To illustrate the regime in action, we consider a fictitious but typical example from our practice: the company “Innovator EOOD” has 10 employees, no public debts, and has incurred the following expenses during 2026:

  • Food vouchers: EUR 120/month per employee — EUR 14,400/year total;
  • Voluntary health insurance: EUR 40/month per employee — EUR 4,800/year total;
  • Entertainment expenses (business dinners, client meetings): EUR 8,000/year;
  • Christmas corporate party: EUR 3,000.

The tax-on-expenses calculation is as follows:

  1. Food vouchers: EUR 120 − EUR 102.26 = EUR 17.74 excess per employee per month. Base: 17.74 × 12 months × 10 employees = EUR 2,128.80. Tax (10%): EUR 212.88.
  2. Health insurance: EUR 40 − EUR 30.68 = EUR 9.32 excess. Base: 9.32 × 12 × 10 = EUR 1,118.40. Tax: EUR 111.84.
  3. Entertainment + Christmas party: EUR 8,000 + EUR 3,000 = EUR 11,000 (entire amount goes into the base). Tax: EUR 1,100.
  4. Total tax on expenses: EUR 1,424.72.

Bonus — effect on corporate income tax: the underlying expenses (EUR 14,400 + EUR 4,800 + EUR 11,000 = EUR 30,200) and the tax on them (EUR 1,424.72) are deductible and reduce taxable profit. At a 10% corporate tax rate, this yields approximately EUR 3,162 in corporate tax savings, so the net effective burden of taxing these expenses is significantly lower than the nominal 10%. For context on the general regime, see our article on taxes and social security in Bulgaria.

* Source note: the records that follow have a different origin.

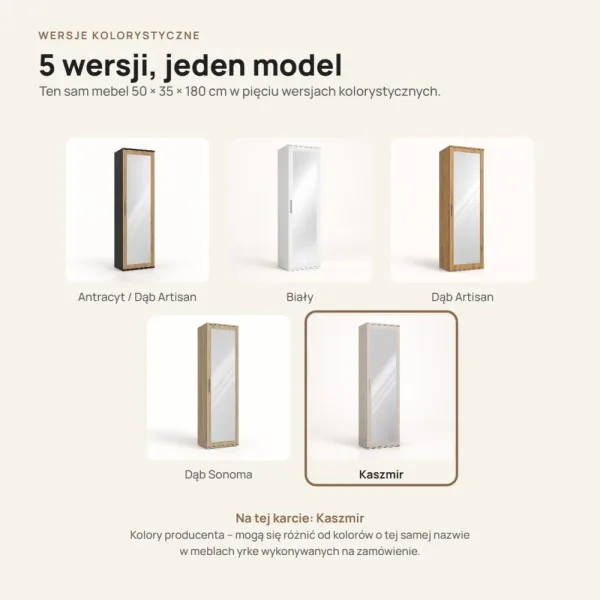 Szafa do przedpokoju 50 cm z lustrem, 180 cm – Kaszmir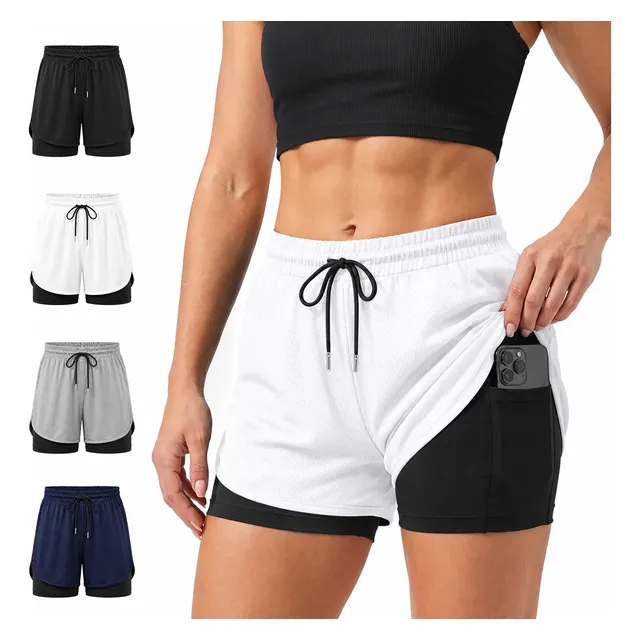 Short Fitness Feminino 2 Em 1 Bermuda Compressão Duplo Praia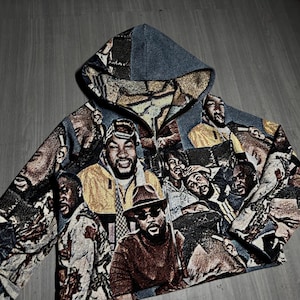 Custom Tapestry Cropped Hoodie | Personalized Photo Collage image 11
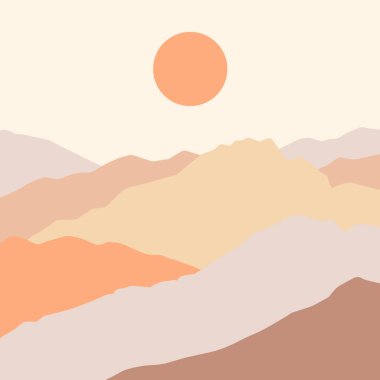 Dağlı estetik manzara. Boho duvar dekoru. Minimalist poster. El çizimi vektör çizimi. Yüzyıl ortası sanat baskısı. Toprak tonları.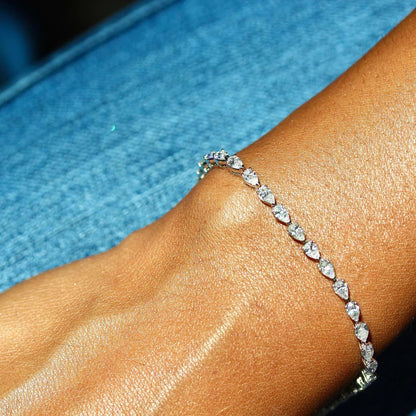 4.33 TCW Pear Moissanite Tennis Bracelet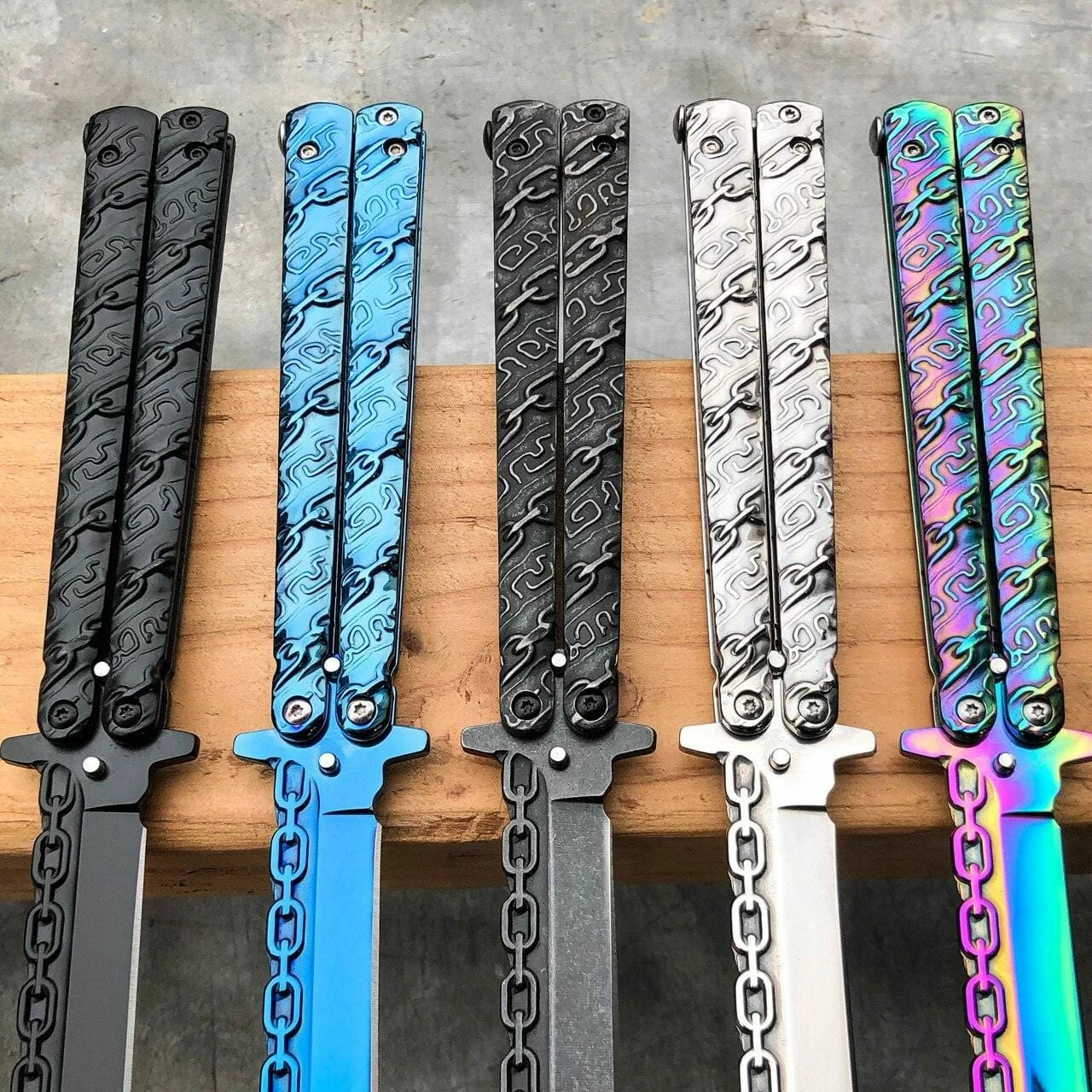 8.75" Fantasy Chain Tactical Balisong Butterfly Knife 4 8.75" Fantasy Chain Tactical Balisong Butterfly Knife - Image 2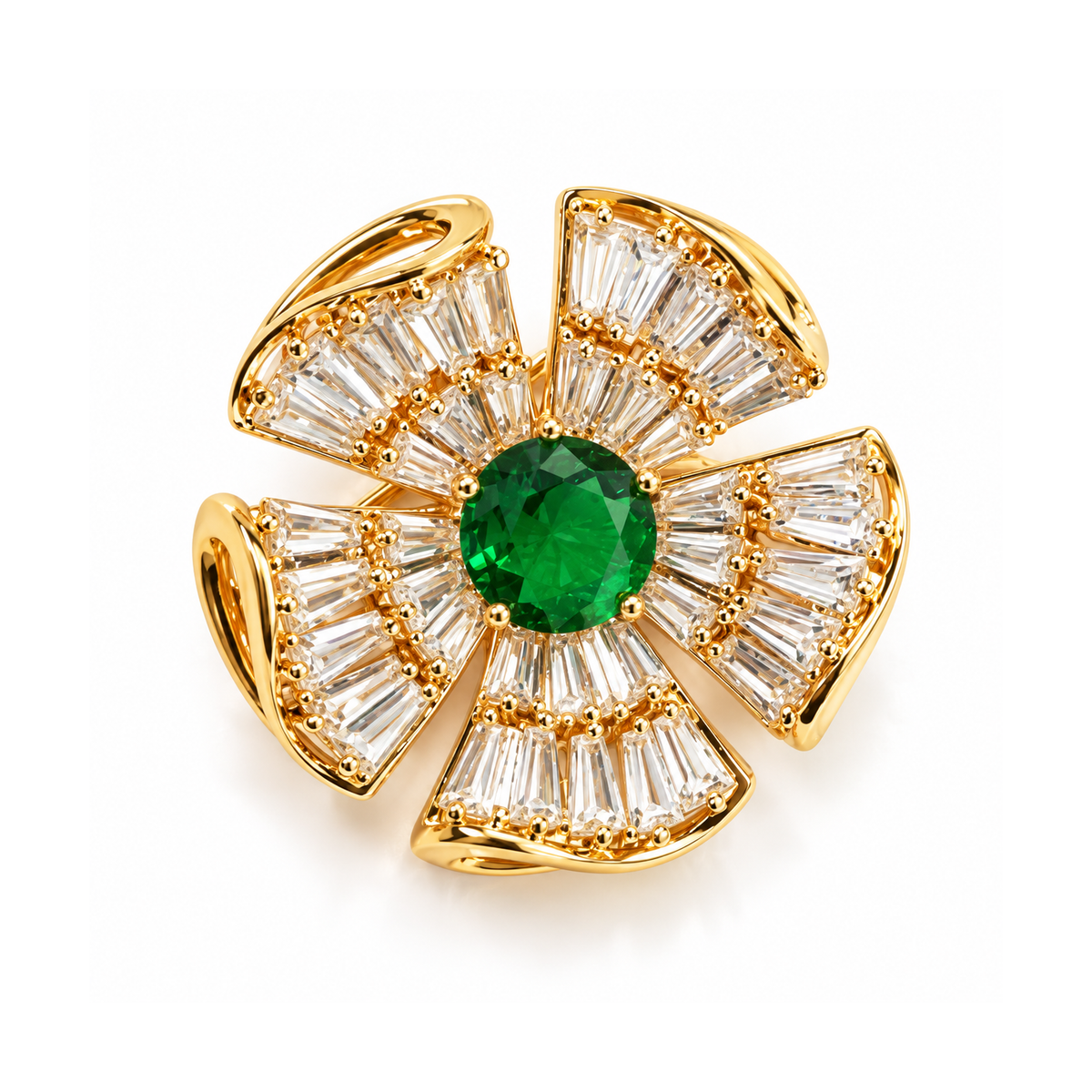 Spilla Fiore Dorata con Pietra Verde e Zirconi Bianchi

Effect on corporate income tax

One frequently overlooked aspect of the regime is its positive interaction with corporate income tax. Under Art. 206 CITA, both the taxed expenses themselves and the tax on expenses payable are deductible and reduce taxable profit. This means:

  • Double effect — the expenses reduce the base and the tax on expenses reduces it too;
  • Net effective rate — with a 10% corporate tax and a 10% tax on expenses, the effective net burden on entertainment and social expenses is approximately 9% of the gross amount, not 10%;
  • Tax planning — well-documented, properly-taxed benefits can be economically more attractive than equivalent gross salary increases (on which full social security contributions and personal income tax are due).

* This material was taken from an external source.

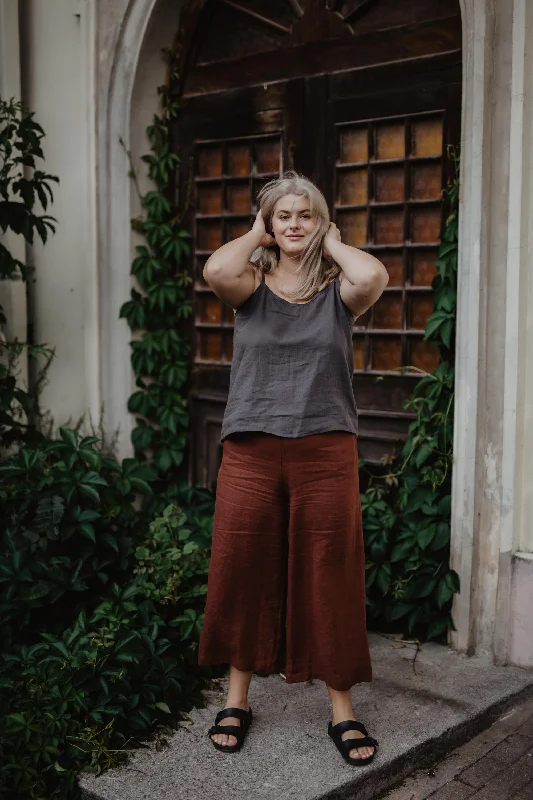 Tokyo Linen Pants (Terracotta) Trendy Work Pants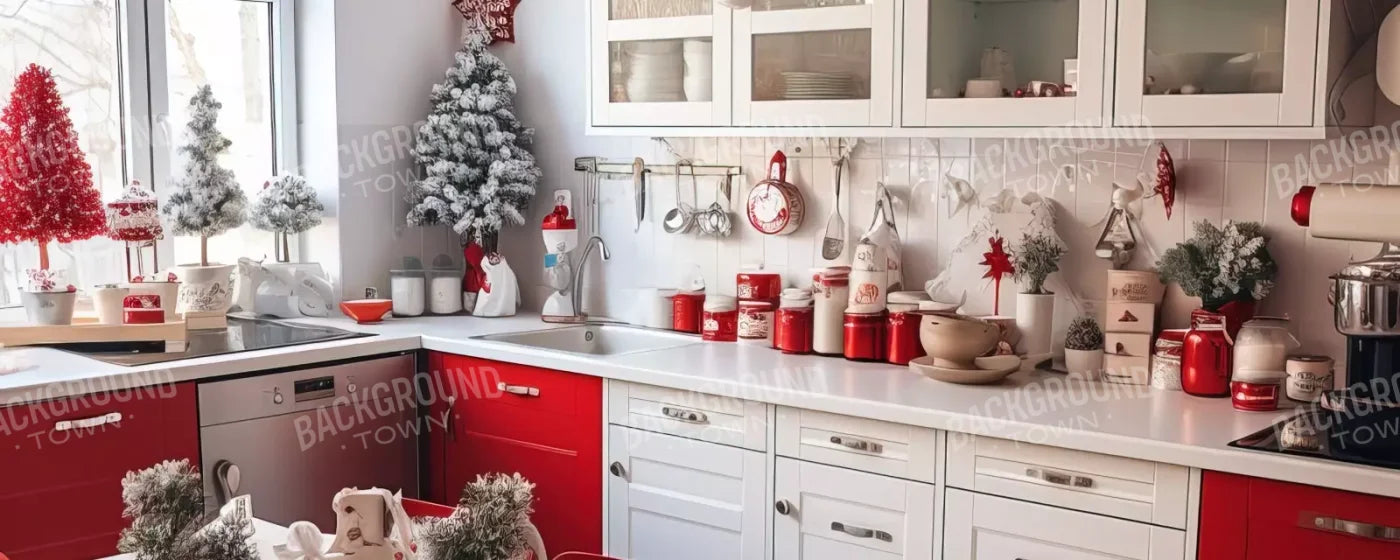 Retro Christmas Kitchen 20’X8’ Ultracloth (240 X 96 Inch) Backdrop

For this reason, companies often choose in-kind social benefits as a way of motivating staff with a lower overall tax burden compared to cash bonuses of equivalent value.

Filing and payment

The tax on expenses is declared and paid on the same timeline as the corporate income tax:

  • Annual corporate tax return under Art. 92 CITA — the tax is reported in a separate section of the corporate income tax return filed by all corporate taxpayers.
  • Filing deadline: 1 March to 30 June of the year following the tax year (a unified window in force since 2022 CITA amendments).
  • Payment deadline: the same — by 30 June of the following year.
  • Election for “in-kind” taxation — for benefits in kind for personal use (Art. 204(1)(4)), the company must make an express election to be taxed under CITA rather than under PITA (Art. 24(3) PITA read with Art. 217(3) CITA). The election is declared in the annual return and applies for the entire tax year.
  • On liquidation or deregistration — the tax due is declared and paid within 30 days of the date of deletion from the Commercial Register.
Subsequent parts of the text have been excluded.